As I track him, I have been following a trail blazed through the scholarly wilderness by historians who preceded me. I thought I might blaze a new trail, find entirely new evidence that had been buried in archives and locked away from human sight for 200 years. But I encountered few topics which had not already been scouted out or captured by some previous historian.
Nearly every researcher begins by the following the traces and trails laid by predecessors. It’s part of the game; in graduate and academic scholarship it goes by the moniker literature review: Researchers construct a map for their inquiry by collecting the sources in footnotes of earlier publications.
Archival research is akin to hiking a forest trail beaten down by decades of foot traffic, or camping in the Blue Ridge on a site with a fire ring perfectly situated near a flat mossy spot. If you’re like me, you’ll roll out your bag on a cloudless night and imagine that you’re the first to see the stars from that place. But we almost always benefit from the work of those who came before us.
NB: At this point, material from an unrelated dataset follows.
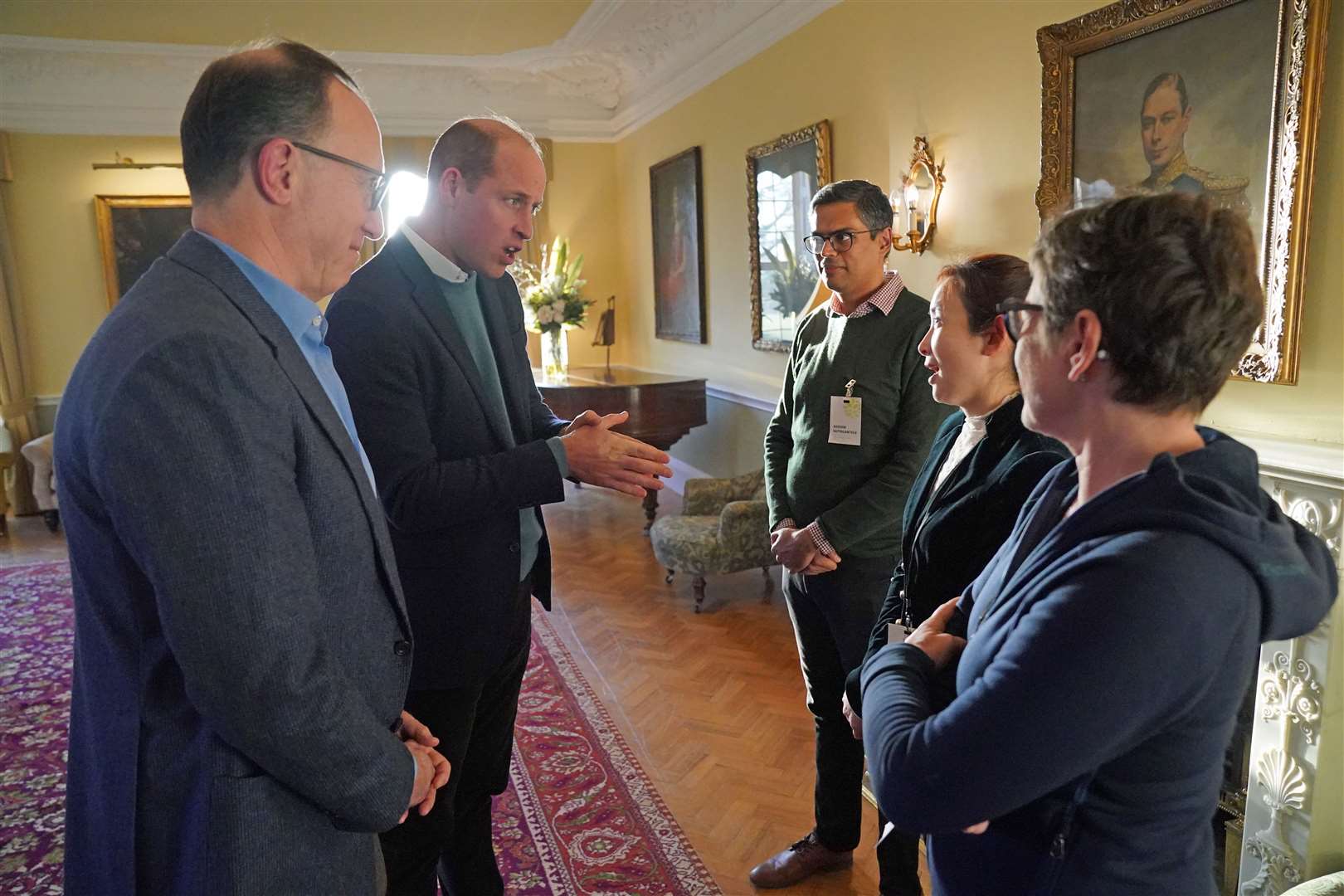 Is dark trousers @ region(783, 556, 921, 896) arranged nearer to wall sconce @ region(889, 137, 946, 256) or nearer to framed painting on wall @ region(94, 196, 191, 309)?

When I began working on a biography of Daniel Morgan, I knew that I would be the beneficiary of my predecessors. It was my great good fortune that one of them was the late Don Higginbotham, who I now know was a careful researcher of considerable persistence and energy. His 1962 biography of Daniel Morgan is a masterpiece of archival investigation, a monument to the use of the card catalog. In archive after archive, Higginbotham discovered documents where he had been told that none existed.
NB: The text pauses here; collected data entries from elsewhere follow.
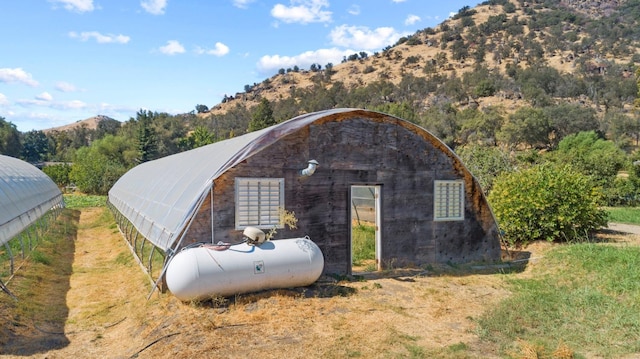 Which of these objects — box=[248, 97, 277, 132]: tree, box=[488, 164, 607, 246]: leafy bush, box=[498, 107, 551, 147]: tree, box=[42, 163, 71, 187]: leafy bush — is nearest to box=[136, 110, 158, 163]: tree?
box=[42, 163, 71, 187]: leafy bush

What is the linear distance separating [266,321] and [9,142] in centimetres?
8443

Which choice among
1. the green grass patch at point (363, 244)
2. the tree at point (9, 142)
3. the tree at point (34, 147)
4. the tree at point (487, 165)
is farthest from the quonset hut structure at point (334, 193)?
the tree at point (34, 147)

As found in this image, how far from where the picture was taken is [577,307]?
29.9 feet

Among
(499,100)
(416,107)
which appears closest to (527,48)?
(499,100)

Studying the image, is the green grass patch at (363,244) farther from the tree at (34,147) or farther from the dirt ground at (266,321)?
the tree at (34,147)

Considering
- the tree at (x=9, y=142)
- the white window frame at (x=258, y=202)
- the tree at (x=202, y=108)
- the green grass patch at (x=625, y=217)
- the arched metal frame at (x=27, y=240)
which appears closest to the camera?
the white window frame at (x=258, y=202)

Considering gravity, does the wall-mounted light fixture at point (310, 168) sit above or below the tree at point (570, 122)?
below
Though Higginbotham broke the trail, even he did not explore wholly unseen territory. He acknowledges several times how indebted he is to his predecessor, James Graham of New Orleans, whose biography of Morgan was published in 1858. Like Higginbotham, the more time I spent with the primary sources, the more I looked upon Graham’s achievement with a kind of awe. Graham did have the advantage of being Morgan’s great-grandson-in-law, and had access to family papers. Not only did he accumulate yet more material, with the help of Washington biographer Jared Sparks, he is also remarkable for what he omitted. Graham did not interlard his story of Morgan’s life with inventions designed to teach moral lessons—even though, at one point, he admits to the temptation to do so.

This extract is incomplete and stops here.